TRIO_BUNDLE_DIR = STUDY_OUTPUT_DIR / "trio_bundle"
TRIO_DATASETS_DIR = TRIO_BUNDLE_DIR / "datasets"

STUDY_AUDIT_DIR = STUDY_OUTPUT_DIR / "audit"

# Audit-report paths (written by the cleanup/dedup pipeline).
# Only the dataset leg produces audit reports — dictionary and PDF legs carry
# no PHI, so their cleanup is side-effect-only (pruning without a report).
# Step-cache manifests for dataset_processing also land under STUDY_AUDIT_DIR
# so the LLM-visible trio_bundle/ stays content-only.
AUDIT_DATASET_REPORT_PATH: Path = STUDY_AUDIT_DIR / "dataset_cleanup_report.json"
AUDIT_SCRUB_REPORT_PATH: Path = STUDY_AUDIT_DIR / "phi_scrub_report.json"
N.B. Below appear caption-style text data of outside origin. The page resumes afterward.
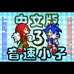 索尼克3（Rom的传人简体汉化版）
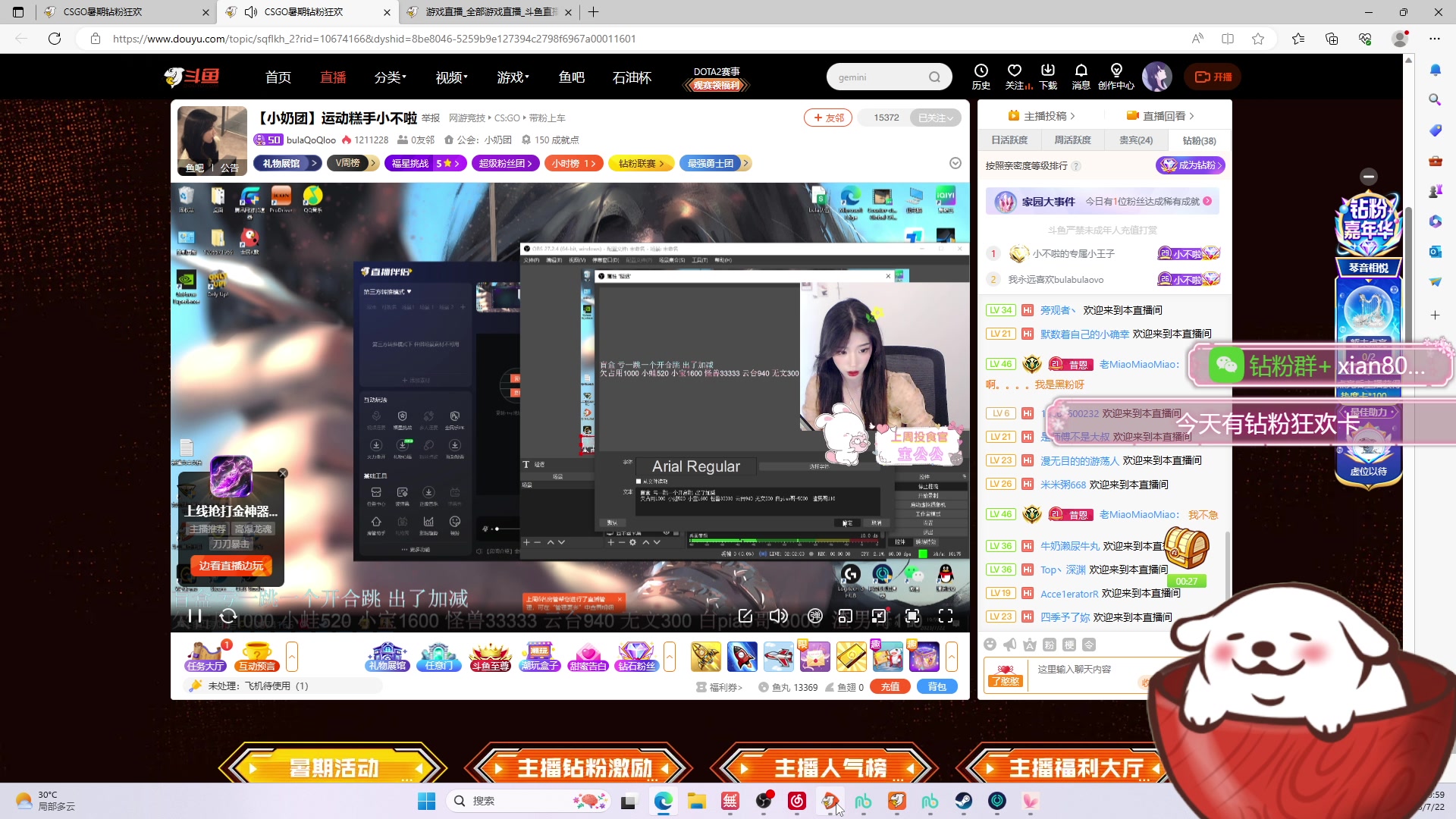 【2023-07-22 19点场】了憨憨丫：【了憨憨】周末愉快哟 今天有钻粉狂欢卡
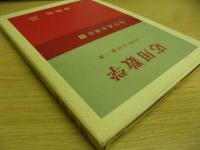 応用数学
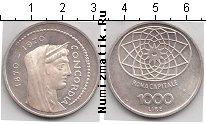 Продать Монеты Италия 100 лир 1970 Серебро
# Dictionary and PDF extraction artifacts live inside the trio bundle so
# the LLM agent can read them alongside the canonical datasets.
DICTIONARY_JSON_OUTPUT_DIR = TRIO_BUNDLE_DIR / "dictionary"
PDF_EXTRACTIONS_DIR = TRIO_BUNDLE_DIR / "pdfs"

# ----------------------------------------------------------------------------
# AGENT STATE TIER (per-session state, NOT study output)
# ----------------------------------------------------------------------------
# Per-session, agent-owned operational state — analysis runs, conversation
# transcripts. Telemetry lives under STUDY_AUDIT_DIR so the LLM's permitted
# agent/** zone stays free of operator-audit bytes. Everything inside the
# fully-gitignored ``output/`` tree keeps PHI-scrubbed cohort bytes out of
# git by default.
AGENT_STATE_DIR: Path = STUDY_OUTPUT_DIR / "agent"
AGENT_OUTPUT_DIR: Path = AGENT_STATE_DIR / "analysis"
CONVERSATIONS_DIR: Path = AGENT_STATE_DIR / "conversations"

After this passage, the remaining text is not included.